**PROBLEM TO SOLVE**
Starting at the line that holds "Navy stretchable biowash" and stopping at the line that holds "convertkit live chat support", restate the records below word for word, with both of those lines included.
────────────────────────────────────────
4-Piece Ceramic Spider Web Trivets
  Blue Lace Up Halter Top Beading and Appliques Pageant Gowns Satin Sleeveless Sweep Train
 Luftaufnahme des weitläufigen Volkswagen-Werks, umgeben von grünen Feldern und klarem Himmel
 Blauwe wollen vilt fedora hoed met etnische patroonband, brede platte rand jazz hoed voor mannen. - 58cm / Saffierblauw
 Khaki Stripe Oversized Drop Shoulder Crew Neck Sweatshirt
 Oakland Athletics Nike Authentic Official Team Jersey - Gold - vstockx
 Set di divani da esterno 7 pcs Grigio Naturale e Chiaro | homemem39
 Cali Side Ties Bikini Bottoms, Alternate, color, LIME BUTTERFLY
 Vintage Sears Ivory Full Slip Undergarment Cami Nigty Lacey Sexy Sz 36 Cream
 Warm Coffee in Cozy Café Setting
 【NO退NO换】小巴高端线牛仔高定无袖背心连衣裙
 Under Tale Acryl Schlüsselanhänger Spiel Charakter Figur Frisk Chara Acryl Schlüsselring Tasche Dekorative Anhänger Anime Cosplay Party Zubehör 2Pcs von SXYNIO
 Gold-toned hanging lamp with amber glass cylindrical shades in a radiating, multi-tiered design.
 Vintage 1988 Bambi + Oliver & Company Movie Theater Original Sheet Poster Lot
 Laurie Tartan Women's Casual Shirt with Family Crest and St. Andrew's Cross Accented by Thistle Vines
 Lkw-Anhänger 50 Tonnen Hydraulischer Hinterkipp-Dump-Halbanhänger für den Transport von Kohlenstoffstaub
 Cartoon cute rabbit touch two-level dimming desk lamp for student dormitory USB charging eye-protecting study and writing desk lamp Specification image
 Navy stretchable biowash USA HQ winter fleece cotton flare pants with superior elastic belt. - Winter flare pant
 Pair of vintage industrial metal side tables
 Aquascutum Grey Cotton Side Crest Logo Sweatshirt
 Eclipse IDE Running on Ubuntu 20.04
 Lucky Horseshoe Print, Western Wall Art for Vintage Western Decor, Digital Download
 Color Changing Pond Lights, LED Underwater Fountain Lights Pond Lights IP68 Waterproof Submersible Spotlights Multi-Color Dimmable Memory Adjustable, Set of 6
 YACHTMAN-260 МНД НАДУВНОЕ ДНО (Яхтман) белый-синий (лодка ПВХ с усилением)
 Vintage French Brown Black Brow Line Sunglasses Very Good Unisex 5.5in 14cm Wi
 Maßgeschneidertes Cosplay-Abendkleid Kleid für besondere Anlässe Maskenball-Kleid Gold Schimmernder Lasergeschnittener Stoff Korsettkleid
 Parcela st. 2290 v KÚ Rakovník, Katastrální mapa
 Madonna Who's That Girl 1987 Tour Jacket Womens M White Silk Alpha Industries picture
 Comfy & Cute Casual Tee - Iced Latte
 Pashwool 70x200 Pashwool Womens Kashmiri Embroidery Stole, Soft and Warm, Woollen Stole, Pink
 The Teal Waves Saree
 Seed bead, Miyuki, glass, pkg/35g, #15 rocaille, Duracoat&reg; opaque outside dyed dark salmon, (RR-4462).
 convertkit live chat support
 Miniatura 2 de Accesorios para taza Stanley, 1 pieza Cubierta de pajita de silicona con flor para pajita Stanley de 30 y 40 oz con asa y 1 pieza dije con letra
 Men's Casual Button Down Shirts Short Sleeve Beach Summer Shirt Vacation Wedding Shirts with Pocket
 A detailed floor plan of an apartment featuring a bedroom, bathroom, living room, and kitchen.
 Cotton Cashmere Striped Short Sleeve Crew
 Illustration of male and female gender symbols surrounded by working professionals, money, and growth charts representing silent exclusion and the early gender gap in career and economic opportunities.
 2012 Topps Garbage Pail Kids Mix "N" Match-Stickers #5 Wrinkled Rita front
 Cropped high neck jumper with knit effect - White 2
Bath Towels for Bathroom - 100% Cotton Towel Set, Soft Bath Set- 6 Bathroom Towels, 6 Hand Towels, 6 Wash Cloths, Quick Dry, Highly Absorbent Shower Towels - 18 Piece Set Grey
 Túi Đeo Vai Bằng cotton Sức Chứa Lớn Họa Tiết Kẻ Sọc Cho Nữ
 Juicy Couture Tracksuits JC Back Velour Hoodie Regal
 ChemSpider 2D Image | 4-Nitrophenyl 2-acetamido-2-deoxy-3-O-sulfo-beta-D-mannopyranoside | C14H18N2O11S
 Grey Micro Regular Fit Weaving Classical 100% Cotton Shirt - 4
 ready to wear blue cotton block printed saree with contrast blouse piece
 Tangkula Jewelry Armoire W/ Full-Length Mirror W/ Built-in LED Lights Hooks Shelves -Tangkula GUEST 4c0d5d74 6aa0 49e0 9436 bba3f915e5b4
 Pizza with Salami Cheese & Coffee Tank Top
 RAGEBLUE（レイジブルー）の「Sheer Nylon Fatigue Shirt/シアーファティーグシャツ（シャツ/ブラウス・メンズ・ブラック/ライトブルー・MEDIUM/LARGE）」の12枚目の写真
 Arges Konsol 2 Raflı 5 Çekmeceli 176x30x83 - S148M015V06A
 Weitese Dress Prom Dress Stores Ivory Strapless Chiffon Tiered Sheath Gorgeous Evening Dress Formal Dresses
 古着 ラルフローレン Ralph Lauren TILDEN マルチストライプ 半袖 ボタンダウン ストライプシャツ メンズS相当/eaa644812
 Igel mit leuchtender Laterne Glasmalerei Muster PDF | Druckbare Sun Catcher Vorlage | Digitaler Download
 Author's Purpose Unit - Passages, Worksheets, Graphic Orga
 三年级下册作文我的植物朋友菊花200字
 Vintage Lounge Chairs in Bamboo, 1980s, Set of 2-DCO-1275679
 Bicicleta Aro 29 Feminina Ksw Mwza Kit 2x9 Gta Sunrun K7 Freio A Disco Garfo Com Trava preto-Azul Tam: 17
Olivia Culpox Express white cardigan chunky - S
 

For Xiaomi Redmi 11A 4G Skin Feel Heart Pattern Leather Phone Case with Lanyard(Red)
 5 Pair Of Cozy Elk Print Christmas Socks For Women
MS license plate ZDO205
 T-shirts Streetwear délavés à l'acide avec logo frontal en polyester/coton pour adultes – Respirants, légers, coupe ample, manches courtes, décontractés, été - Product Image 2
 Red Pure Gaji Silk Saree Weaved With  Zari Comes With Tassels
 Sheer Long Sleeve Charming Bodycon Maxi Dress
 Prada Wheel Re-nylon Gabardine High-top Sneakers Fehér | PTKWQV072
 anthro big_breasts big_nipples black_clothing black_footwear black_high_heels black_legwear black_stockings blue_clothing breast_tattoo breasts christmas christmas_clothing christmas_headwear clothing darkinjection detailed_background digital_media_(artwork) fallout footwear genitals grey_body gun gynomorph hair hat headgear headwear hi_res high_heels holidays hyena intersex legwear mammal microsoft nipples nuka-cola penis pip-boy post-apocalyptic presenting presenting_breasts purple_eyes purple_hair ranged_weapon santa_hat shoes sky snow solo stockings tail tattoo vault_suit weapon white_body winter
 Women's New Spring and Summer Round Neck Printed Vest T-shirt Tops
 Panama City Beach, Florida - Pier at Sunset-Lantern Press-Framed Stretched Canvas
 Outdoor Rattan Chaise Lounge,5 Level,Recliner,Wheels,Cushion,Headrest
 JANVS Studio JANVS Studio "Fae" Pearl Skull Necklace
────────────────────────────────────────
**WRITTEN ANSWER**
 Navy stretchable biowash USA HQ winter fleece cotton flare pants with superior elastic belt. - Winter flare pant
 Pair of vintage industrial metal side tables
 Aquascutum Grey Cotton Side Crest Logo Sweatshirt
 Eclipse IDE Running on Ubuntu 20.04
 Lucky Horseshoe Print, Western Wall Art for Vintage Western Decor, Digital Download
 Color Changing Pond Lights, LED Underwater Fountain Lights Pond Lights IP68 Waterproof Submersible Spotlights Multi-Color Dimmable Memory Adjustable, Set of 6
 YACHTMAN-260 МНД НАДУВНОЕ ДНО (Яхтман) белый-синий (лодка ПВХ с усилением)
 Vintage French Brown Black Brow Line Sunglasses Very Good Unisex 5.5in 14cm Wi
 Maßgeschneidertes Cosplay-Abendkleid Kleid für besondere Anlässe Maskenball-Kleid Gold Schimmernder Lasergeschnittener Stoff Korsettkleid
 Parcela st. 2290 v KÚ Rakovník, Katastrální mapa
 Madonna Who's That Girl 1987 Tour Jacket Womens M White Silk Alpha Industries picture
 Comfy & Cute Casual Tee - Iced Latte
 Pashwool 70x200 Pashwool Womens Kashmiri Embroidery Stole, Soft and Warm, Woollen Stole, Pink
 The Teal Waves Saree
 Seed bead, Miyuki, glass, pkg/35g, #15 rocaille, Duracoat&reg; opaque outside dyed dark salmon, (RR-4462).
 convertkit live chat support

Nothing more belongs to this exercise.